Well, but the problem is - from the typical consumer’s perspective, smartphones have been feature complete for quite some time now. Apple (as well as Google, Samsung, etc etc …) doesn’t want to be in the commodity phone business - so all they’ve got for selling points with every new generation phone are the shiny new features that most people don’t actually need and are unlikely to ever really use.
 
I understand ProRes might take up something crazy like 5gb per minute, but if someone wants to fill up their 128gb iPhone with just ProRes videos, who's Apple to tell them they can't?

I imagine there will quickly be a jailbreak tweak to get around this.
And why would it be okay for the 256GB model? If you can only do like 10minutes of video on the 128Gb model, the 256GB model will only give you like 20 minutes. If the recording capacity is the excuse, then they should only enable this on the 512Gb model or larger.
 
right. or apple shoulve made 256gb standard.
Exactly. If it’s about the I/O speed, then it’s a design “flaw” that the 128GB model of the SAME phone is incapable of using the same feature. This is embarrassing for a “Pro” model that cost $1000. Apple should’ve just put 256GB standard.

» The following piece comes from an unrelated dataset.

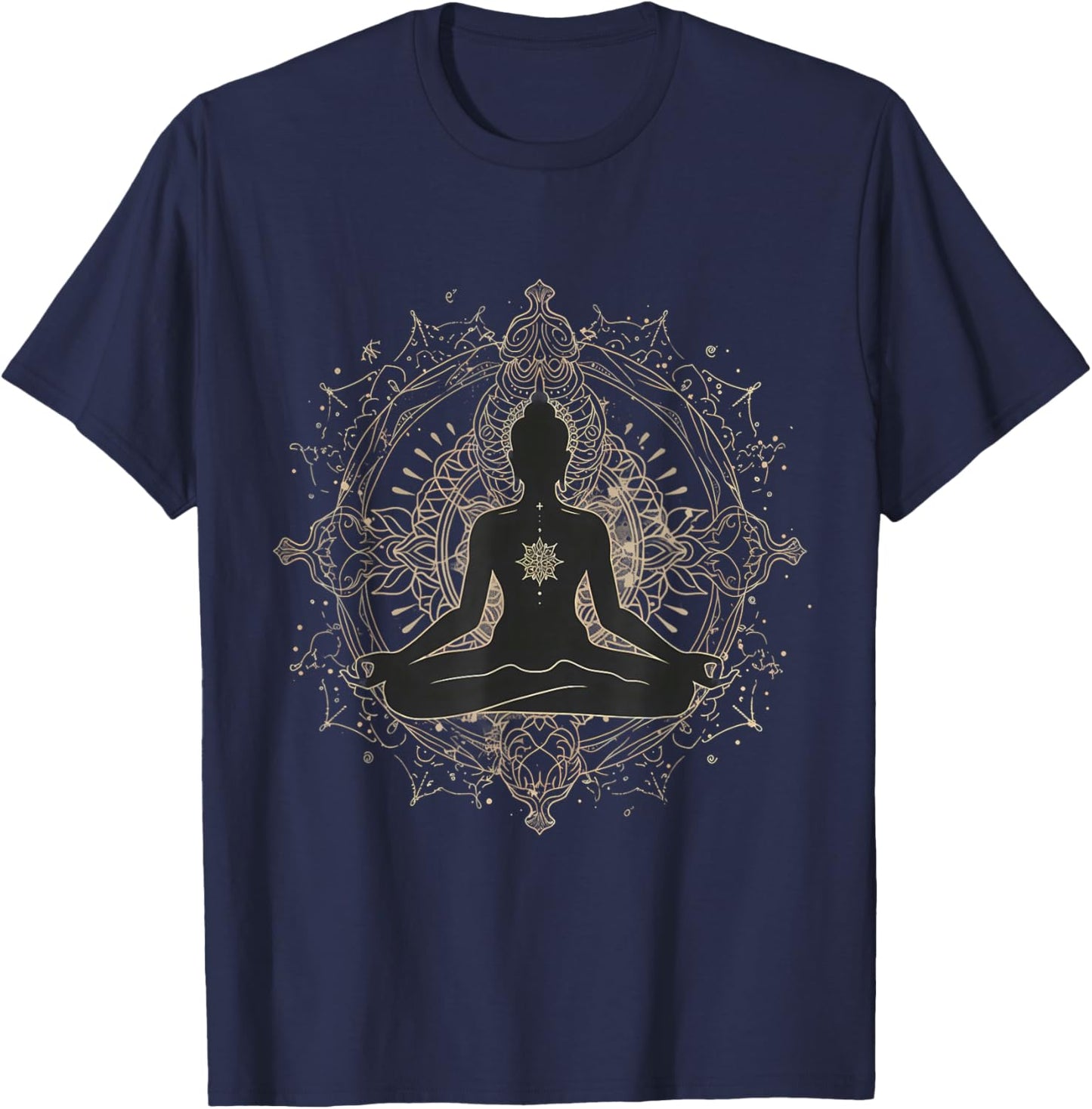 Meditation Mandala Buddhist Hindu Zen Buddha Spiritual T-Shirt - T-Shirt | Navy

Imagine going to a McDonald and they told you the regular Happy Meal won’t come with the toys, only the upsized ones (despite advertising Happy meals with toys).
 
ProRes is interesting (especially for editing purposes), but I would imagine that the two biggest differences between iPhone and a professional cinema camera with professional lenses are 1)control over depth of field and 2)dynamic range. How much does ProRes help make an iPhone 13 Pro look like a $50K Alexa Mini setup? I’m skeptical that it does much to narrow the gap.

That said, I hope to be proven wrong once the phone is released and we’re able to see what people create.
I think you nailed it. The codec doesn’t really matter, it’s the bit rate mostly, and the total available information. ProRes by itself doesn’t mean much, ProRes 4444 would, but you also don’t need that unless the iPhone suddenly has 17 stops available.
 
This seems like an unnecessary limitation.

Does the 256GB model similarly restrict this feature if available storage drops below 128gb? if not why does the capacity of the phone matter?

Sounds like an artificial constraint imposed just to goad buyers into buying the next model up.